In the southern Mexican city of Campeche, Amaya, a former club dancer, said, “He is still free, and I live in fear every day.” “How do I know that when I go out to the street, he won’t try to do something?”
Amaya survived an attempted femicide, which is a hate crime that is defined as the deliberate killing of women and girls due to their gender.
According to government statistics, about 10 women and girls are murdered in Mexico every day either by intimate partners or other family members. The crimes have sparked numerous protest waves and elevated gender violence to the top of the political agenda in Mexico.
However, according to Mexican journalist Gloria Pia, those who survive gender-based violence frequently lack protection or access to justice.
Pia, who won the 2023 Breach/Valdez Award for Journalism and Human Rights for her documentary “The Survivors: Forgotten by Justice,” said, “We hear a lot of stories about killings of women in Mexico, but we don’t hear about the women who survive these extreme acts of violence.”
The documentary, which is told through interviews with survivors, attorneys, and women’s rights advocates, has sparked calls for change to end gender-based violence in the Latin American nation and has turned into a call to action for women to break their silence and form alliances with other survivors to start over.
To honor the work of journalists covering human rights issues in Mexico, the UN Human Rights office in Mexico, other UN agencies there, and several other organizations established the Breach/Valdez Award.
“I believed it was crucial to share their story. It is as if something doesn’t exist when you don’t name it. However, if you name it, we can change it,” Pia said.
To conduct her research, Pia examined court judgments and complaints from all over the nation. She then documented how harmful social norms, legal flaws, carelessness, and a lack of a gender perspective in the legal system allow the vast majority of violent attacks against women to go unpunished, leaving victims like Amaya defenseless, without compensation, and in many instances with little to no accountability for the attackers.
In the last eight years, Mexican prosecutors have launched 1.7 million criminal investigations into cases of women being beaten, burned, strangled, or injured with knives or firearms, according to the documentary.
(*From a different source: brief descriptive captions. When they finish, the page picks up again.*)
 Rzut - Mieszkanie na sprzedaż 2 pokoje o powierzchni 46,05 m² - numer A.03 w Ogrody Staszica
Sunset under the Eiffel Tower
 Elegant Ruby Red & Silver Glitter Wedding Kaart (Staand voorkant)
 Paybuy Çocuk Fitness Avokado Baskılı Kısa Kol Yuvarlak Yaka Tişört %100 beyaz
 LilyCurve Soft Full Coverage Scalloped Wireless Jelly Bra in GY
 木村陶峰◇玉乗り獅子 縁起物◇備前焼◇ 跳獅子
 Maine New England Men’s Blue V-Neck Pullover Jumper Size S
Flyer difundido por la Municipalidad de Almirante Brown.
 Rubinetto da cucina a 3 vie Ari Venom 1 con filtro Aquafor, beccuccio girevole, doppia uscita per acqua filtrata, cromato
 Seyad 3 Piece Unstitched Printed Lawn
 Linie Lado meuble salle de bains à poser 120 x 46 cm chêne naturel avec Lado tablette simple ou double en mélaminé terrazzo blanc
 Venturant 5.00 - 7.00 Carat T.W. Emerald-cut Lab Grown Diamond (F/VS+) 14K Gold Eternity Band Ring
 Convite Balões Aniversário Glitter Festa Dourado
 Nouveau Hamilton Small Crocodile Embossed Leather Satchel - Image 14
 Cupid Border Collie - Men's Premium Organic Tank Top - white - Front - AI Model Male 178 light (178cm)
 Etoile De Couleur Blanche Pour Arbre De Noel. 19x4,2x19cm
Only 781 of these were started as attempts at femicide. The remaining offenses were labelled as intentional harm or domestic abuse, which entail less serious penalties.
Despite overwhelming evidence, failing to prosecute such attacks as attempted femicide minimizes the severity of the problem of violence against women and encourages a culture of impunity, according to Pia. The majority of the survivors in her documentary worry that the same attackers, who are still at large or are awaiting trial, will attack them again.
Despite the startling statistics presented in the documentary, Pia claimed that the suffering of survivors of gender violence is just the tip of the iceberg.
Officially reported “missing” in 2022 were 2,481 women and girls, according to government statistics, but civil society organizations claim the actual number is higher. According to civil society organizations, the disappearances of women in Mexico conceal other types of violence against women, such as femicide, kidnapping, and human trafficking.
The majority of incidents of violence against women go unreported. According to Pia, many victims choose not to report their abuse out of concern that they will be stigmatized or to avoid an expensive and time-consuming legal process that could take years to complete without the offenders being held accountable.
The women featured in the documentary have used their harrowing encounters to fight for justice and have established support networks that are assisting them in getting over their losses and emotional pain. They candidly describe the specifics of the abuse they have endured as well as the daily struggle they face to regain their dignity.
The documentary’s entire purpose, according to Pia, is to demonstrate how these women are remaking their lives. “It’s as if by healing their wounds, people who have been hurt by violence become more solid and stronger.”